General information
- Type: Experimental aircraft
- National origin: United Kingdom
- Manufacturer: Avro
- Designer: R.F.Burga
- Number built: 1

History
- First flight: 20 November 1912
- Retired: 1913

= Avro Burga =

The Avro Burga was built by Avro for R.F. Burga to test his unique system of lateral control. It was a single-engined two-seat monoplane, fitted with differentially operated surfaces above and below the central fuselage.

==Development==
Since the Wright brothers' crucial work on aircraft control, lateral control has almost always been provided by moving the surface of the wing, either by wing warping or with ailerons. Lieut. R.F. Burga of the Peruvian Navy made the radical suggestion that it might be better to effect lateral control with two rudder-like surfaces, mounted near the centre of gravity and at right angles to the wings. A roll would be initiated by turning these surfaces, one below and one above the fuselage, in opposite directions. Burga applied for a patent in 1910 and it was published on 2 November 1911. He approached A.V Roe & Co., who would build other people's designs for them, and in 1912 a single-engined shoulder-winged monoplane was produced with the novel control surfaces. It has been suggested that this aircraft may have been the Avro 502, about which all that is known is that it was a monoplane.

The Burga monoplane was built at Avro's Manchester factory at the same time as the prototype Avro Type E biplane, and it used the same tail unit and undercarriage. Control surfaces apart, it differed primarily in being a monoplane, but also in having a more slender fuselage, though still a two-seater, and in using a less powerful but lighter engine, a 50 hp Gnome rotary. The wings were braced from below to strong points on the undercarriage and from above to a pylon just ahead of the front cockpit.
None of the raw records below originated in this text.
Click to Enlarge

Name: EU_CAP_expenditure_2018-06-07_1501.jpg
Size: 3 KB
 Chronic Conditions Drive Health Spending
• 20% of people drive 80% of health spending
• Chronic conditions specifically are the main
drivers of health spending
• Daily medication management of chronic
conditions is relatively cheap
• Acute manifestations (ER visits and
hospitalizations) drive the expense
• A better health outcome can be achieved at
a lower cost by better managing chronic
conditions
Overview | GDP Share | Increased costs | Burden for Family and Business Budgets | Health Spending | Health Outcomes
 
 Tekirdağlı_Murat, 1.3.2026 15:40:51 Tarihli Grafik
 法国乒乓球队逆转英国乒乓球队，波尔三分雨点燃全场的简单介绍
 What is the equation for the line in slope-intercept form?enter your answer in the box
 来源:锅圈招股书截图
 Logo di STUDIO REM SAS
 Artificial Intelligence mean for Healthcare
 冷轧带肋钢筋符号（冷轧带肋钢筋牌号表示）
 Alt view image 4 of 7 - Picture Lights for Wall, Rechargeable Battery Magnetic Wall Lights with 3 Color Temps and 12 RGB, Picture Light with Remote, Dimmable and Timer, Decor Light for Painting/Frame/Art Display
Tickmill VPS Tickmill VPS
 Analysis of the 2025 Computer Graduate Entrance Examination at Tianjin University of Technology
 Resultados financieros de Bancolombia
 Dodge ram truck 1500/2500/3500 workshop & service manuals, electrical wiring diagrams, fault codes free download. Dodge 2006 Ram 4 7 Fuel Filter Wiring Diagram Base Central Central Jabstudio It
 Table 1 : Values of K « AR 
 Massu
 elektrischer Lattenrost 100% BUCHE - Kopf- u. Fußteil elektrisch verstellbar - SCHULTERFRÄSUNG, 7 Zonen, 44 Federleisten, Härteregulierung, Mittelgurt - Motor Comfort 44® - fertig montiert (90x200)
A vertical shaft attached to this pylon appears also to have carried the leading edges of the lateral control surfaces; the one below the fuselage was almost rectangular but the upper one was shaped to avoid the passenger's head.

==Operational history==
Though Avro aircraft had always been built in Manchester, they had never flown from there but rather from the Avro School's base at Brooklands; in August 1912, however, the school had moved to Shoreham on the south coast, which is where the Burga machine was test flown. The first flight was carried out on 20 November 1912, piloted by H.R. Simms one of the School's pilots. The monoplane had been designed to take wings of different camber and incidence, and those chosen for the early testing were expected to give the highest speed. Simms reported that the aircraft was fast and had a good rate of climb, but no reports on handling with the new surfaces seem to have survived. After more flying, the aircraft was reported as back at the Avro factory for modification but was not seen again.